4,2972569439,Existence and concentration of positive ground...,2020.0,[],This paper is concerned with the following ...


In [3]:
class CitationGraphAbstractGenerator:
    def __init__(self, embedding_model_name='t5', linkPredictor_model_name='enhanced'):
        """
        Initialize the citation graph abstract generator
        
        Args:
            embedding_model: Model for embedding abstracts
            linkPredictor_model: Model for link prediction
        """
        # Download nltk resources if needed

        self.embedding_model_name = embedding_model_name
        self.linkPredictor_model_name = linkPredictor_model_name
        if embedding_model_name=='t5':
            self.embedding_model = BottleneckT5Autoencoder()
        if linkPredictor_model_name=='enhanced':
            self.linkPredictor_model = EnhancedLinkPredictor()
        self.citation_graph = nx.DiGraph()
        self.stop_words = list(stopwords.words('english'))

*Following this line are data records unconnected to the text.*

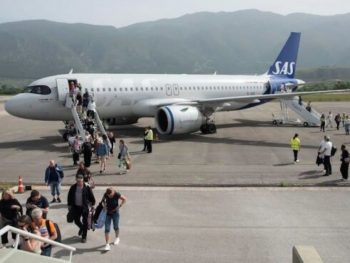 Σταθερά βήματα για την αεροπορική αναβάθμιση των Ιωαννίνων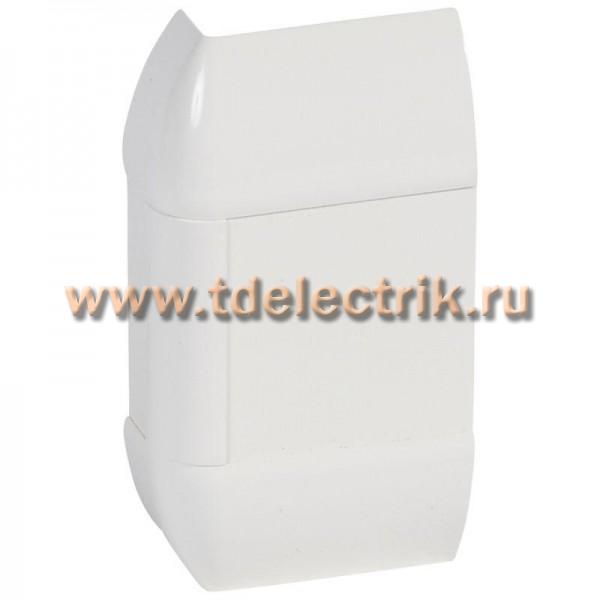 Фотография №1, Углы, отводы, заглушки (Legrand)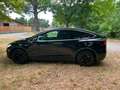 Tesla Model X Model X 90D 90kWh (mit Batterie) Schwarz - thumbnail 6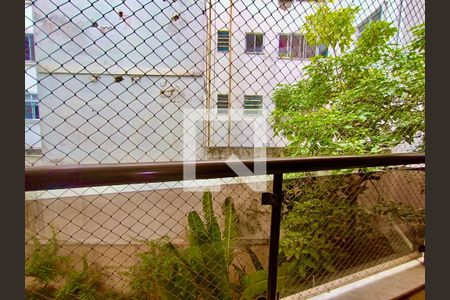 Apartamento à venda com 260m², 3 quartos e 4 vagasSuíte vista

    def _update_linkPredictor(self):
        """
        Update the linkPredictor model, used when we update the grap (e.g., for new papers)
        """
        if self.linkPredictor_model_name=='enhanced':
            self.linkPredictor_model = EnhancedLinkPredictor(self.citation_graph)
        

    def load_citation_graph(self, papers):
        """
        Load papers and their references into a graph
        
        Args:
            papers: List of dictionaries, each containing 'id', 'abstract', and 'references' (list of paper ids)
        """
        # Add nodes (papers) to the graph
        for paper in papers:
            # Extract key concepts from the abstract
            key_concepts = self.extract_key_concepts(paper['abstract'])
            
            self.citation_graph.add_node(
                paper['id'], 
                abstract=paper['abstract'],
                embedding=None,  # Will be populated later
                key_concepts=key_concepts  # Added key_concepts property
            )
            
        # Add edges (references)
        for paper in papers:
            for cited_paper_id in paper['references']:
                if cited_paper_id in self.citation_graph:
                    self.citation_graph.add_edge(paper['id'], cited_paper_id)
                    
        print(f"Graph created with {self.citation_graph.number_of_nodes()} nodes and {self.citation_graph.number_of_edges()} edges")
        
    def extract_key_concepts(self,text, score_threshold=0.2):
        """
        Extract key concepts from an abstract using TF-IDF with a score threshold.

        Args:
            text (str): Input text (e.g., an abstract).
            score_threshold (float): Minimum TF-IDF score to consider as a concept.

        Returns:
            list: List of key concepts.
        """
        # Tokenization and cleaning (removing special characters and non-alphanumeric tokens)
        tokens = re.findall(r'\b\w+\b', text.lower())

        # Remove stop words
        filtered_tokens = [t for t in tokens if t not in self.stop_words and len(t) > 2]  # Exclude stop words and short words

        if len(filtered_tokens) < 5:
            # If there are fewer than 5 meaningful tokens, return the tokens directly
            return list(set(filtered_tokens))

        # Apply TF-IDF to extract important terms
        tfidf = TfidfVectorizer(ngram_range=(1, 3), stop_words='english')
        
        try:
            tfidf_matrix = tfidf.fit_transform([text])
            feature_names = tfidf.get_feature_names_out()
            scores = tfidf_matrix.toarray()[0]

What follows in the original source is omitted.